Motivation. This thesis is motivated by the observation of underperformance for the state-of-the-art deep learning optical flow models when used on real data. Specifically, a different accuracy of the produced flow fields depending on the direction of motion has been observed. We identified this problem as the model lack of geometric equivariance, i.e. the model capability of performing equally when different geometric transformations are applied to the inputs.
Problem statement. The goal of this thesis is to 1) analyze to which extent the stateof-the-art optical flow estimators lack equivariance when reflections are applied to the input data and 2) to propose strategies to mitigate the identified equivariance lack. We observed a considerable estimation difference depending on the direction of motion when applying reflections to the testing data and called this phenomenon sign imbalance, a specific lack of equivariance.
Approach. This thesis develops a methodology and metric to measure the extent of sign imbalance for any optical flow estimator, focusing on deep learning based estimators. A framework using transformations changing the orientation of the data is proposed as a methodology to assess the sign imbalance. A metric to measure the sign imbalance is provided; the metric does not require data with groundtruth optical flow.

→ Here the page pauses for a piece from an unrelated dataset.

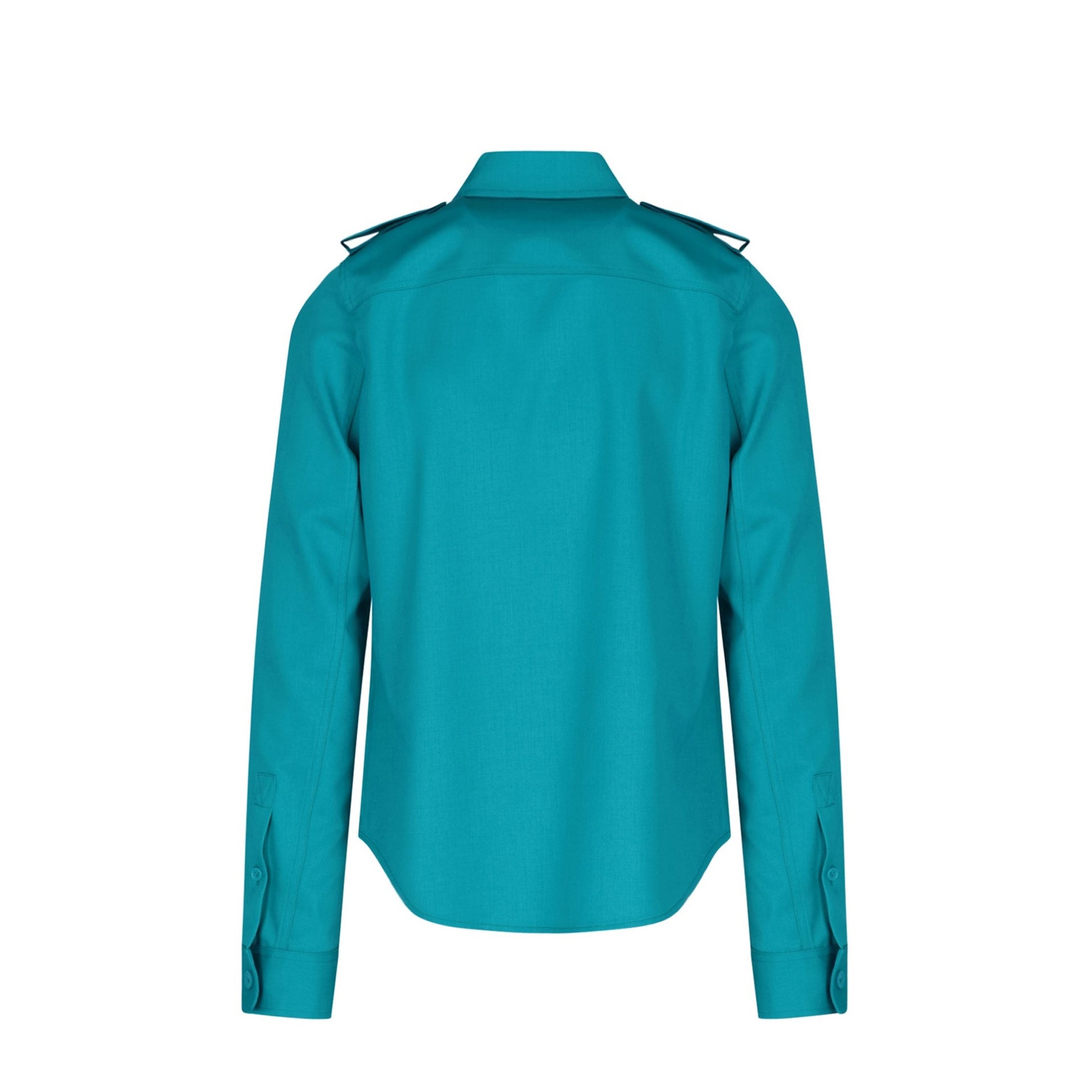 Grain De Poudre Wool Shirt Green Elastane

To mitigate the sign imbalance, we integrate the proposed metric during training as auxiliary loss. A comprehensive ablation study is provided to evaluate the effects of models, aggregation metrics, hyperparameter tuning, training data, and fine tuning strategies.

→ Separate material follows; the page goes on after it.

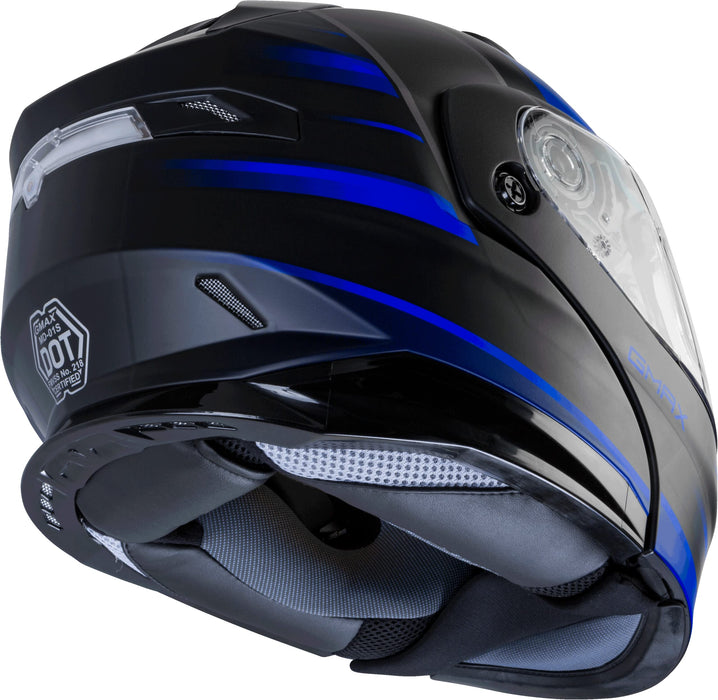 GMAX MD-01S Descendant, DOT Approved Modular Helmet, Dual Lens Shield for Snow & Motor Sports, (Matte Black/Blue, X-Large)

Results. The analyzed state-of-the-art deep learning techniques present a substantial degree of bias towards certain directions of motion, which are as severe in magnitude as the endpoint error, the most commonly used optical flow evaluation metric. Moreover, the mirroring data augmentation stage has only a marginal effect on imbalance mitigation. Instead, results show a dramatic sign imbalance reduction and an overall better optical flow quality when the proposed metric is applied to the state of the art optical flow estimators during training.
Conclusions. The proposed framework and training scheme can help researchers and practitioners to develop robust models for optical flow estimation. The dataset generation scripts and the testing and training code will be available online. The code can be easily extended to different datasets, metrics and models or also to test other biases affecting the optical flow estimators.